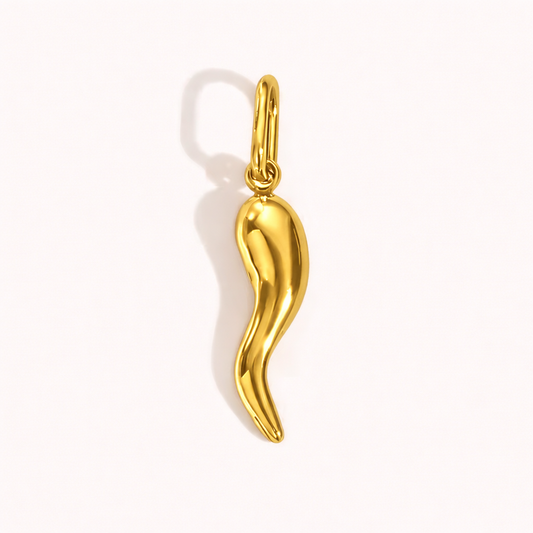The Gold Chili Pepper CHARM in a studio flat lay, a curved polished gold pendant in a chili pepper silhouette on a cream background.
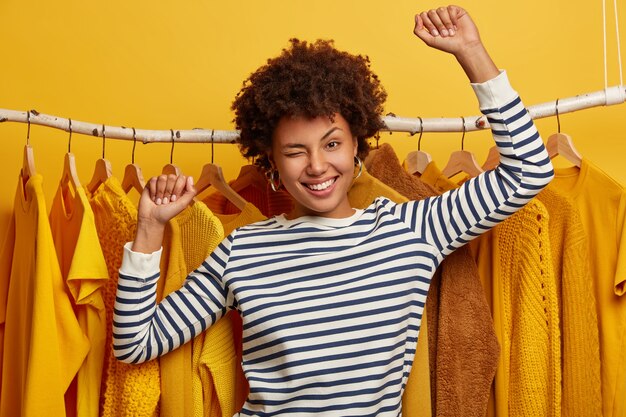 Vrij energieke Afro-Amerikaanse vrouw knipoogt, danst, draagt een striprd trui, staat tegen kledingroedes, koopt nieuwe kleding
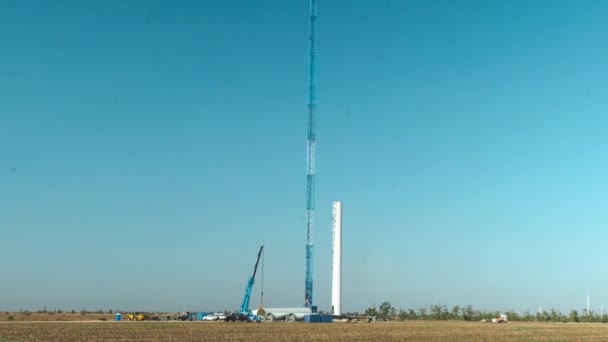 Grúa pone detalle para montar pilar generador eólico en campo — Vídeos de Stock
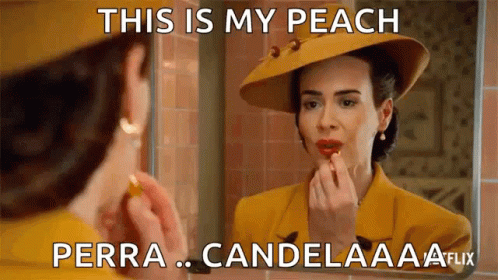 A Woman Is Applying Lipstick In Front Of A Mirror While Wearing A Yellow Suit And Hat . GIF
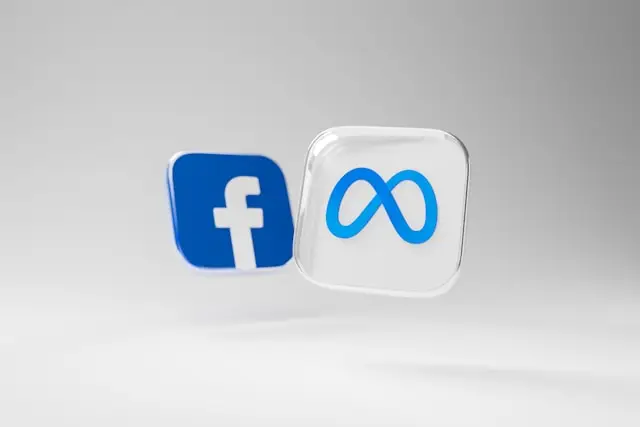 Two floating 3D icons on a light gray background: the blue Facebook logo and the Meta infinity symbol on a translucent cube.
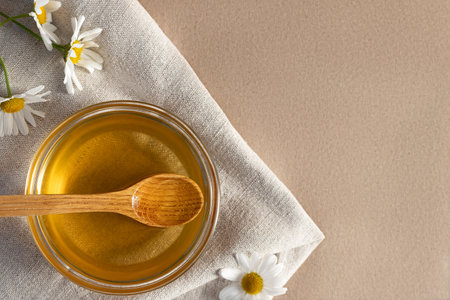 Chamomile syrup in a small bowl and in a jar and chamomile flowers on a linen kitchen towel, topview, copy spaceの写真素材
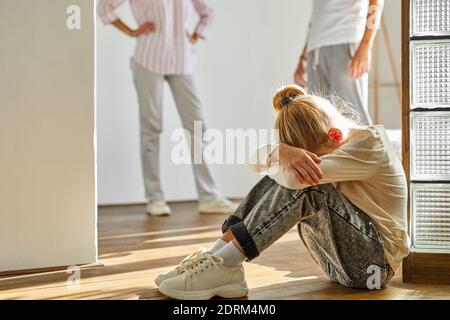 child girl is tired of family conflicts,divorce and children concept. little kid girl is upset with quarrelling of parents, they are going to be divor Stock Photo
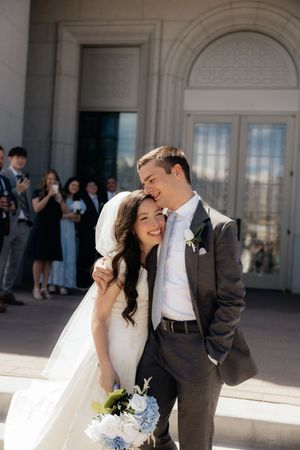 Smiling bride and groom embrace outside a grand building on their wedding day, bride holding blue hydrangea bouquet.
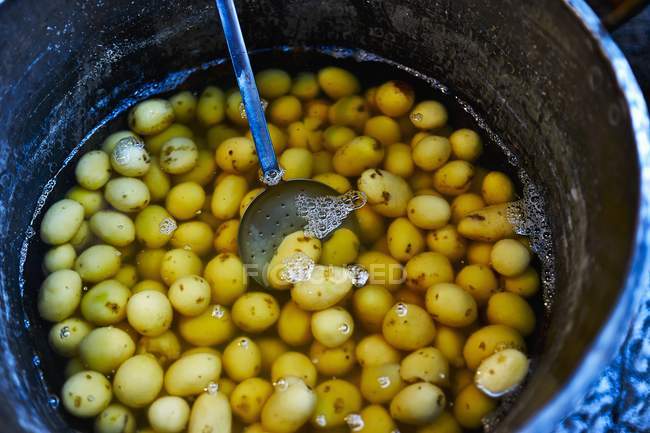 Batatas cruas em pote de água — Fotografia de Stock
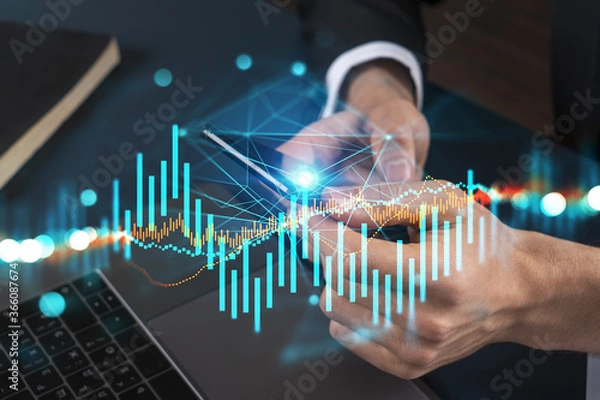 Fototapeta Multiexposure of man typing phone and financial chart. Success concept. Formal wear.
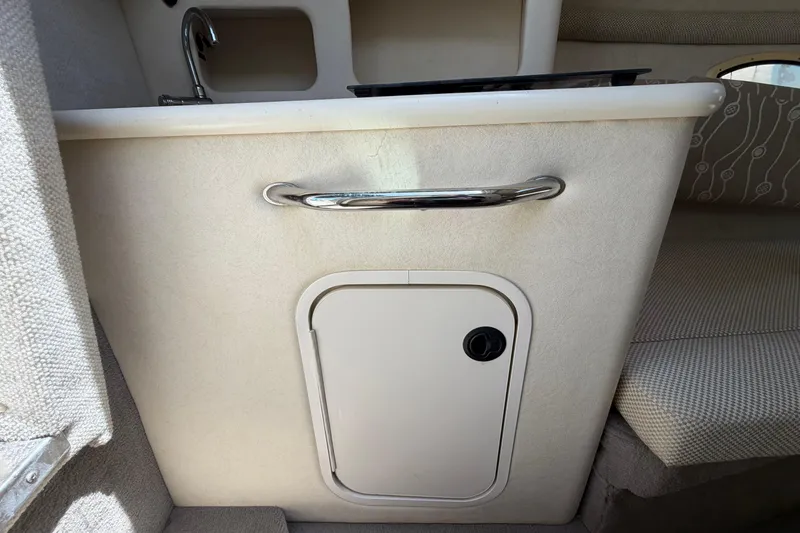 Slide: The Image of 2006 Sea Ray 250 Amberjack cabin interior with sink and storage compartment. - 36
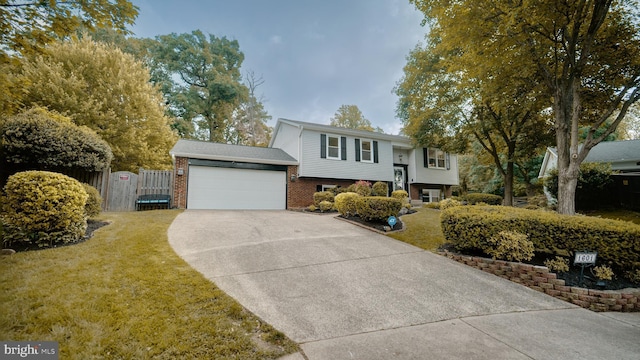 1601 Jubilation Ct, Herndon, VA 20170 - split foyer home with concrete driveway, brick siding, and a garage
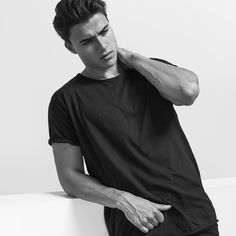 a young man sitting on top of a white bench wearing a black shirt and shorts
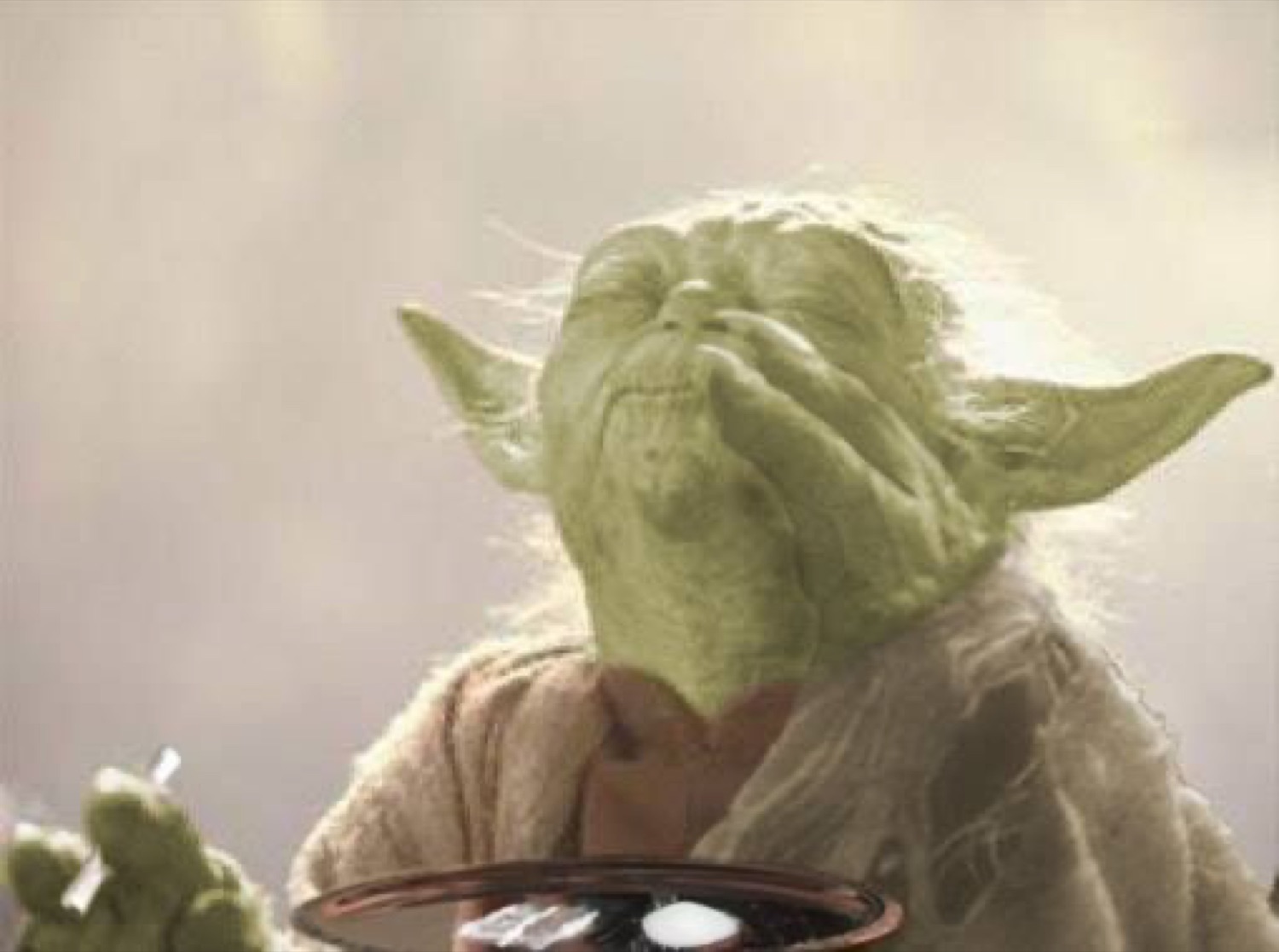 Yoda with his eyes closed, calmly meditating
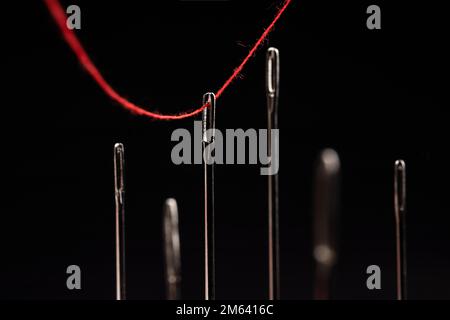 Roter Faden durch Nadeln auf schwarzem Hintergrund. Stockfoto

▶ [REQUIRED ACTION]: Only the lines from the one containing "Yoda with his eyes closed, calmly meditating" through the end of the data above are to be output, exactly and without pictures.

▶ [SOLUTION FOR THIS TASK]:
 Yoda with his eyes closed, calmly meditating
 Roter Faden durch Nadeln auf schwarzem Hintergrund. Stockfoto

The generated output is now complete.